The issue then becomes whether the city is extending its reach beyond its own border.
“The problem is not fairly characterized as regulating online data security at large or in the abstract, as Marriott suggests,” Grimm wrote, but whether Chicago residents are protected.
Marriott argued Chicagoans weren’t affected differently than any other city, but Grimm said, at this stage of proceedings, that constitutes opinion, not fact. Further, Grimm found nothing suggesting state lawmakers wanted exclusive rights to regulate consumer protection and said it's “difficult to imagine a more harmonious relationship” than the one between the city ordinance and the state’s privacy laws.
Marriott insisted Chicago is attempting to regulate conduct outside the city, but Grimm said the 2005 Illinois Supreme Court opinion in Avery v.

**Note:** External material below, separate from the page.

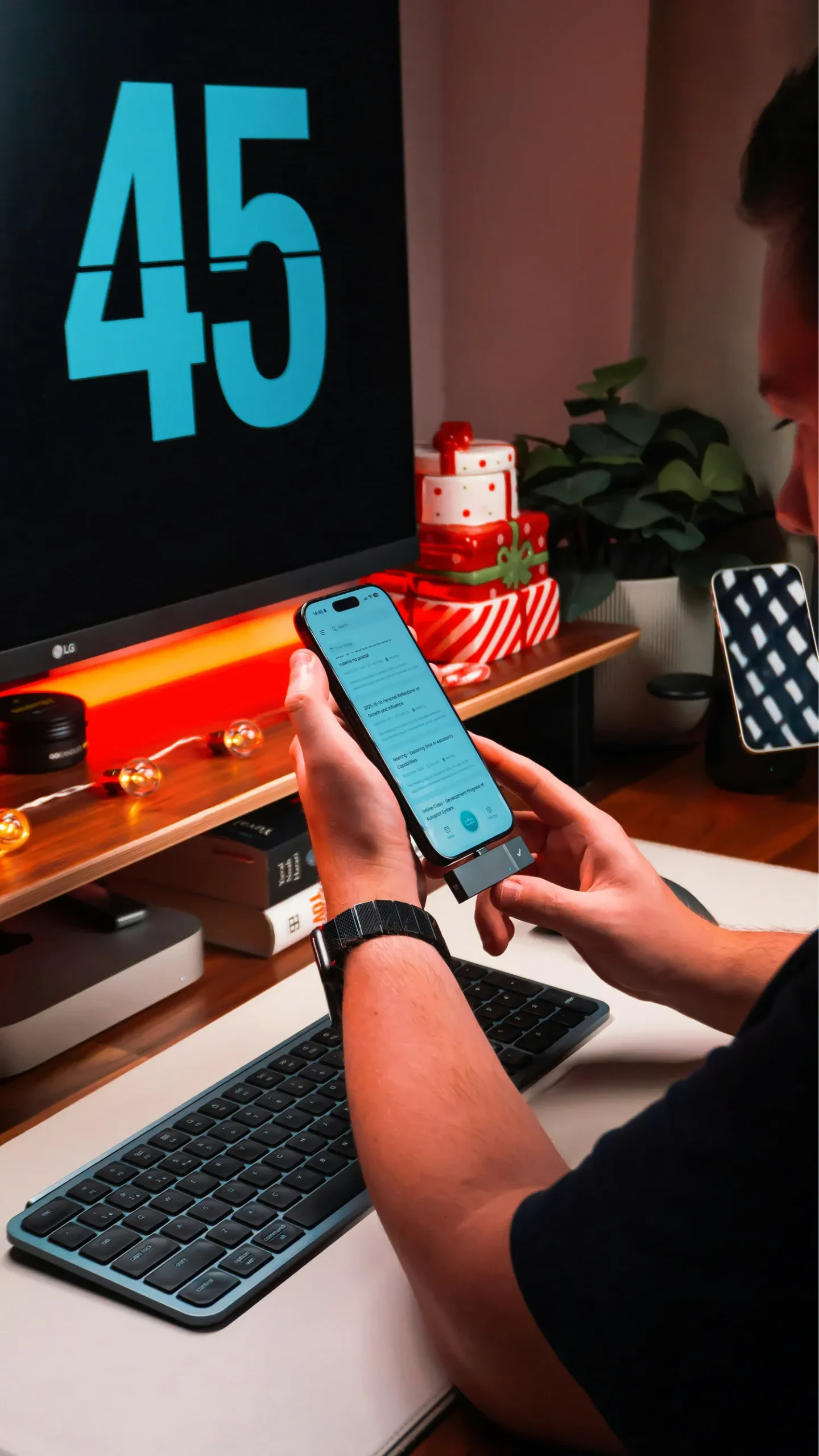Person holding phone at desk with computer screen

State Farm Mutual Automobile Insurance Company established a framework for determining if the alleged ordinance violations occurred “primarily or substantially” in the city.
“The city was quite surgical in its pleadings,” Grimm wrote, noting references in the complaint to Chicago residents as victims who relied on the Marriott website for a presumption of safety and suffered injuries by booking hotels while at home in the city — including for Marriott stays in Chicago — in addition to patronizing properties elsewhere.
While discovery may tip the argument in Marriott’s favor, Grimm added, “those determinations are for another day, not on a motion to dismiss.” Further, if the city does establish Marriott’s liability, “relief could be fashioned that would prevent the ordinance from having an unconstitutional extraterritorial effect.”
In a separate lawsuit pending in Cook County Circuit Court in Chicago, the city is suing Uber for a data breach, as well, asserting violations of the same ordinance.
In both cases, the city is represented by attorneys from the firm of Edelson P.C., of Chicago.
Marriott and Starwood are defended by attorneys Daniel R. Warren, Lisa M. Ghannoum and Gilbert S. Keteltas, of Baker and Hostetler LLP, of Cleveland and Washington, D.C.